Dengan demikian, salah satu problematika kehidupan bangsa yang
terpenting di abad ke-21 adalah nilai moral dan akhlak. Kemerosotan nilai-nilai
moral yang mulai melanda masyarakat kita saat ini tidak lepas dari
ketidakefektifan penanaman nilai-nilai moral, baik di lingkungan keluarga,
sekolah dan masyarakat secara keseluruhan. Efektivitas paradigma pendidikan
nilai yang berlangsung di jenjang pendidikan formal hingga kini masih sering
diperdebatkan.
Berdasarkan permasalahan-permasalahan di atas, maka kami menyusun
sebuah makalah sederhana yang berjudul “Islam Sebagai Sumber Nilai Dalam
Pendidikan Dan Pelaksanaan Pendidikan Islam Sebagai Suatu Sistem Nilai” sebagai
sebuah atensi dalam membumikan Pendidikan Nilai di Indonesia pada umumnya dan
khususnya di lembaga-lembaga pendidikan itu sendiri.
B.
Rumusan Masalah
Dari latar belakang di atas maka dapat disimpulkan beberapa poin
rumusan masalah diantaranya yaitu :
1.
Bagaimana
Peranan agama islam sebagai sumber nilai dalam pendidikan ?
2.
Bagaimana
Pelaksanaan pendidikan islam sebagai suatu sistem nilai ?
C.
Tujuan Penulisan
Tujuan Penulisan dapat di uraikan sebagai berikut :
1.
Agar
mengetahui Peranan agama islam sebagai sumber nilai dalam pendidikan ?
2.
Agar
mengetahui Pelaksanaan pendidikan islam sebagai suatu sistem nilai ?
D.
Manfaat Penulisan
Manfaat penulisan dalam makalah ini yaitu, kita atau pembaca dapat
memahami dan mengetahui mengenai wawasan pemahaman mengenai Islam sebagai
sumber nilai dalam pendidikan dan Pelaksanaan pendidikan islam sebagai suatu
sistem nilai. Untuk memperluas wawasan dan pandangan mahasiswa/mahasiswi
terhadap prospek perkembangan pendidikan nilai.
E.
Sistematika Penulisan
Dalam sistematika penulisan, kami merangkum tiga bab.
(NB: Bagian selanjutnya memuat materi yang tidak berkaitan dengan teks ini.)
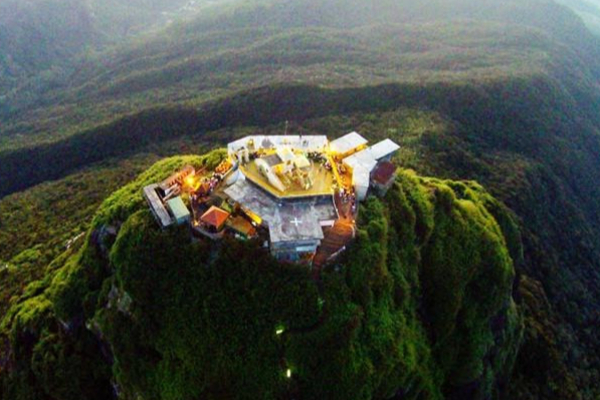 சிவனொளிபாத மலை சென்ற வெளிநாட்டு பெண்ணுக்கு நேரந்த அசம்பாவிதம் | Foreign Woman Faces Mishap At Sivanolipathmalai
Bab pertama
yaitu terdiri dari latar belakang masalah, rumusan masalah, tujuan penulisan,
manfaat penulisan dan sistematika penulisan. Bab ke dua membahas mengenai Islam
Sebagai Sumber Nilai Dalam Pendidikan Dan Pelaksanaan Pendidikan Islam Sebagai
Suatu Sistem Nilai. Bab ke tiga yaitu bab penutup membahas mengenai kesimpulan
dan saran-saran.
BAB II
PEMBAHASAN
A.
Islam Sebagai Sumber Nilai Dalam Pendidikan
Sejak masa kenabian sampai saat ini,
Islam tetap diakui sebagai ajaran (risalah) agama yang sangat compatible dengan
cita-cita kemajuan ilmu pengetahuan dan pembentukan peradaban ummat. Di pandang
dari segi teologis, Islam memiliki sistem ketuhanan yang sempurna, yang
mengatur kehidupan alam semesta ini secara totalitas. Singkatnya, kehadiran Islam
selain mengajarkan bagaimana membangun transendensi yang kokoh, tetapi juga
memberi implikasi praksis-empiris, yakni membawa misi kerahmatan bagi semesta
alam.
Namun, secara faktual yang terjadi
dilapangan eksistensi Islam belum memperlihatkan suatu ajaran yang compatible
dengan kemajuan sebagaimana yang dimaksud di atas, tetapi dalam beberapa hal
ajaran agama justru dipahami secara parsial yang pada gilirannya membuat umat
Islam itu sendiri terjebak pada dataran normativ, eskatologis dan berlawanan
dengan nilai-nilai kedinamisannya. Munculnya wacana gagasan Islam liberal
misalnya, telah melahirkan reaksi yang justru mematikan substansi pemikiran
ummat.
Nampaknya masih ada kesenjangan
antara cita-cita, pesan moral dan kenyataan yang sesungguhnya. Karena sampai
saat ini, literatur keagamaan semacam ini masih agak ‘terbatas', dibandingkan
dengan literatur keagamaan yang ranah kajiannya berbau konseptual dan sulit diimplementasikan
pada dataran praksis.
Menurut Muslim A. Kadir (2003) saat
ini perlu gagasan dan paradigma baru bahwa tentang pentingnya ilmu Islam
terapan (`amali) sebagai jawaban terhadap kesenjangan literatur keagamaan
selama ini. Sebab, warisan khazanah pemikiran yang banyak kita kaji sebelumnya
hanya berkisar pada tataran konseptual yang cenderung bersifat abstrak dan
bernuansa eskatologis. Pengembangan ilmu dalam Islam harus mencapai tahap yang
mampu berdaya untuk memberikan manfaat konkret bagi umat Islam khususnya, dan
masyarakat dunia pada umumnya.
Memahami doktrin Islam -landasan
normativ- berarti harus diturunkan menjadi pesan dan petunjuk dalam
mengkonstruksi ilmu pengetahuan yang elegan bagi kehidupan umat. Saat ini,
problema yang masih dirasakan oleh umat Islam adalah kesenjangan antara ide dan
kenyataan. Sehingga fenomena ini mengaharuskan bagi kita untuk menelaah kembali
dengan menggunakan pendekatan dan metologis yang tepat.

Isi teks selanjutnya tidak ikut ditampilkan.